Big fall in businesses exporting to EU ‘caused by Brexit red tape’ - Thorne Widgery

The number of UK businesses exporting goods to the EU fell 33 per cent to 18,357 in 2021, from 27,321 in 2020, data from HMRC shows.

Industry experts said the fall is due to the extra red tape UK businesses must now comply with when exporting to the EU.

They say they are really worrying numbers and show the scale of the difficulties UK businesses now face in exporting their products to the EU.

Lost opportunities for growth

Sources said that businesses are not getting enough support from the Government to navigate the post-Brexit trading minefield.

They believe a lot of SMEs can’t afford professional advice to cope with Brexit-related red tape. Many are likely to have decided trading with the EU is not worth the cost.

There were warnings that fewer UK companies exporting to the EU will result in lost opportunities for growth and expansion in Europe.

Problems have been continuing at Dover where ‘Brexit scenarios’ had contributed to delays according to the head of the British Ports Association.

Chief executive Richard Ballantyne said the traffic was mainly down to the suspension of P&O ferries sailing after it sacked 800 members of staff, but he pointed to Brexit bureaucracy as another factor.

Ferries suspension a major factor

Speaking to Sky News, he said: “There’s still congestion.
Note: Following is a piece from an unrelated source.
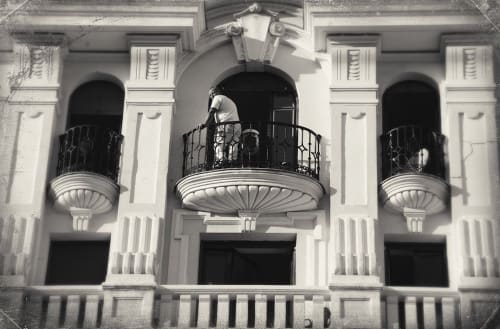 Balcony #10 | Photography by Louise O'Gorman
P&O Ferries is out of service at the moment, which is probably the main cause of all the congestion – coupled with one or two other little incidents, and other Brexit scenarios.”
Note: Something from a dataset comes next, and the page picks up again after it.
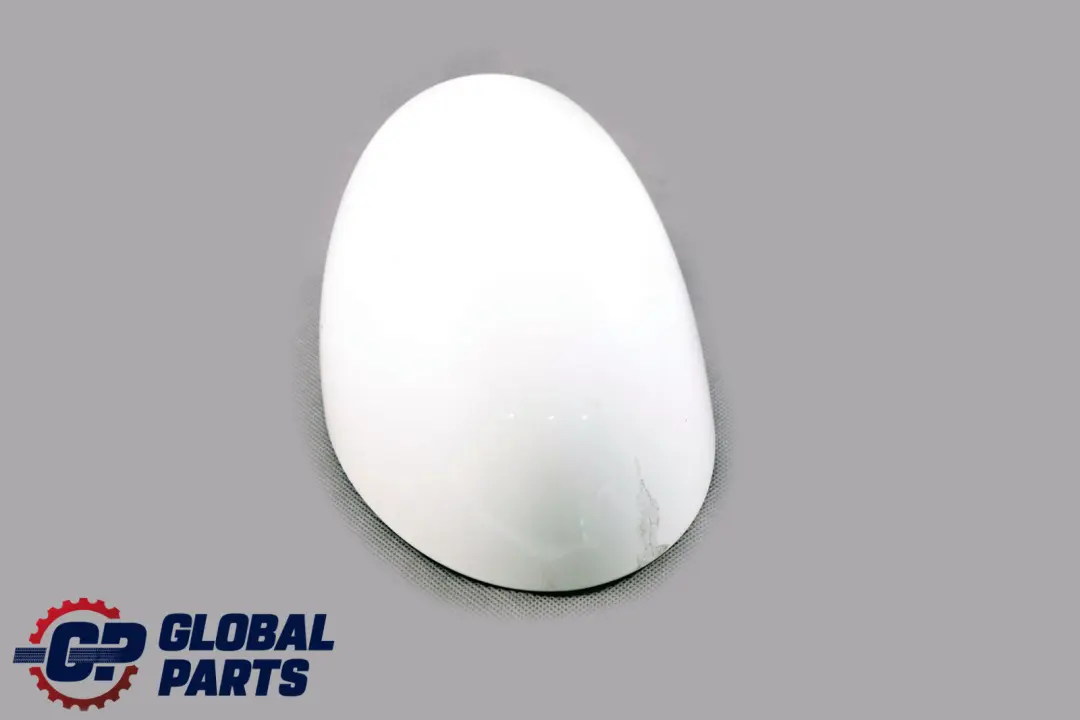 BMW Mini Cooper R55 R56 Cover Power Fold Cap Casing Right O/S Mirror Wing White - SKU P0415376-WHI - Part number 0415376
Problems with a key IT system for post-Brexit customs checks had contributed to traffic chaos around Dover, where thousands of commercial lorries had been stuck in queues.
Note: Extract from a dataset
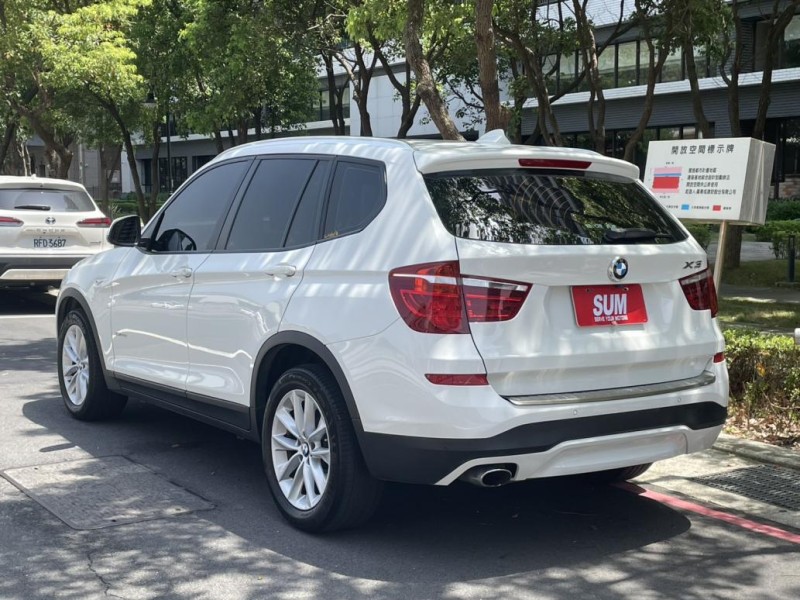 BMW/ 寶馬  X3 SERIES  X3 xDrive20d 實價刊登★總代理 小改款X3 20d 免鑰摸門 5AS 環景 電尾門 專用安卓機 | 新北市汽車商業同業公會｜TACA優良車商聯盟｜中古、二手車買車賣車公會認證保固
The Road Haulage Association (RHA) said the HMRC was “continuing to have issues” with its new GVMS system for customs declarations needed by hauliers following Britain’s exit from the EU.

But an update from HMRC was set to alleviate the problem this week as the tax authority said:

“We can confirm that the continuity plan that was in place over the weekend has now been lifted. The Goods Vehicle Movement Service (GVMS) is now fully operational, and you’ll need a Goods Movement References (GMRs) for all movements using GVMS.

“We apologise for any inconvenience caused whilst we investigated the issue.”

What has been causing delays?

Hauliers have said it has been taking 15 to 20 minutes for each driver to clear checks needed since full customs controls came into force at the beginning of January.

Last month The Independent news website revealed that the Government is exploring a delay to new controls on imports set to come in July 2022 because of growing alarm over the cost of living crisis.